LinuxLists.cc - [PATCH] KVM: x86/vmx: Suppress posted interrupt notification when CPU is in host

2022-06-17 17:11:32

Subject: [PATCH] KVM: x86/vmx: Suppress posted interrupt notification when CPU is in host

PIN (Posted interrupt notification) is useless to host as KVM always syncs
pending guest interrupts in PID to guest's vAPIC before each VM entry. In
fact, Sending PINs to a CPU running in host will lead to additional
overhead due to interrupt handling.

Currently, software path, vmx_deliver_posted_interrupt(), is optimized to
issue PINs only if target vCPU is in IN_GUEST_MODE. But hardware paths
(VT-d and Intel IPI virtualization) aren't optimized.

Set PID.SN right after VM exits and clear it before VM entry to minimize
the chance of hardware issuing PINs to a CPU when it's in host.

Also honour PID.SN bit in vmx_deliver_posted_interrupt().
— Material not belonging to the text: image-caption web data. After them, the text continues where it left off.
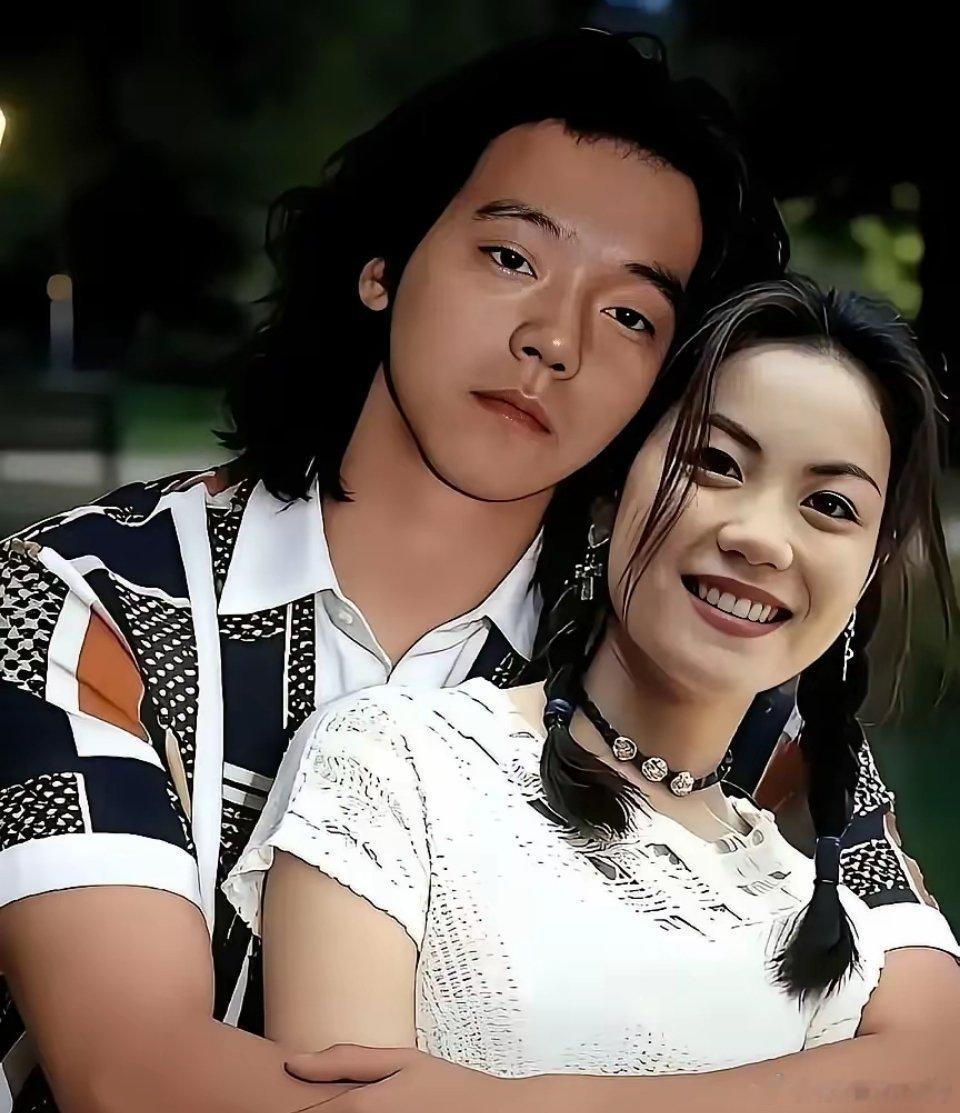 其实王菲离开李亚鹏，不怪她！你看窦唯把王菲搂在怀里，是多么的珍惜啊？即使离婚后，多年了一直没有纠缠…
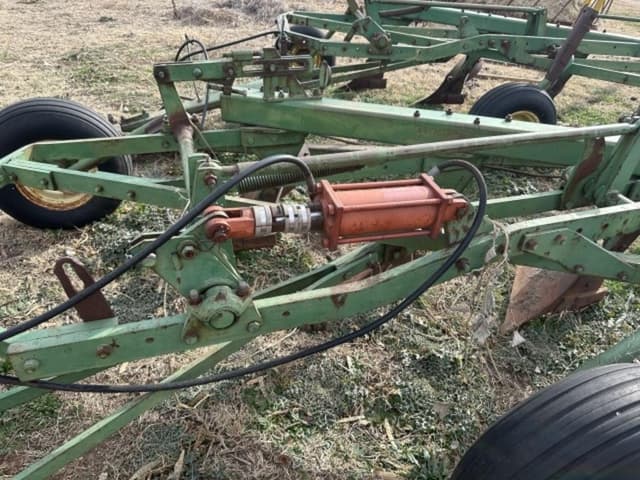 Image of John Deere 3100 equipment image 3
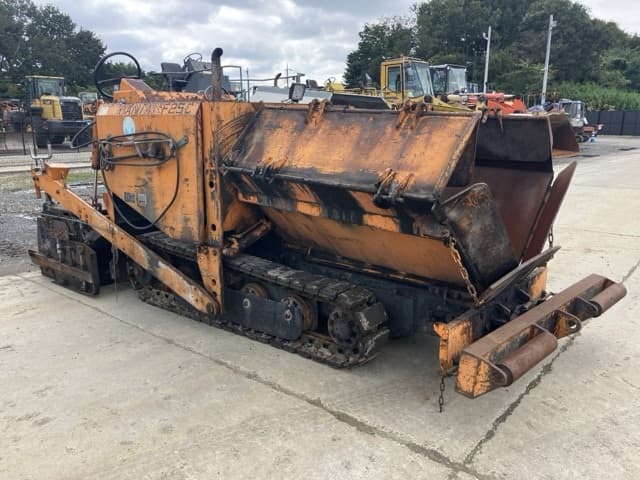Asphalt finisher — Auction (lot 8461-250)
When IPI virtualization is enabled, this patch increases "perf bench" [*]
by 4% from 8.12 us/ops to 7.80 us/ops.

[*] test cmd: perf bench sched pipe -T. Note that we change the source
code to pin two threads to two different vCPUs so that it can reproduce
stable results.

Signed-off-by: Chao Gao <[email protected]>
---
arch/x86/kvm/vmx/posted_intr.c | 28 ++--------------------------
arch/x86/kvm/vmx/vmx.c | 24 +++++++++++++++++++++++-
2 files changed, 25 insertions(+), 27 deletions(-)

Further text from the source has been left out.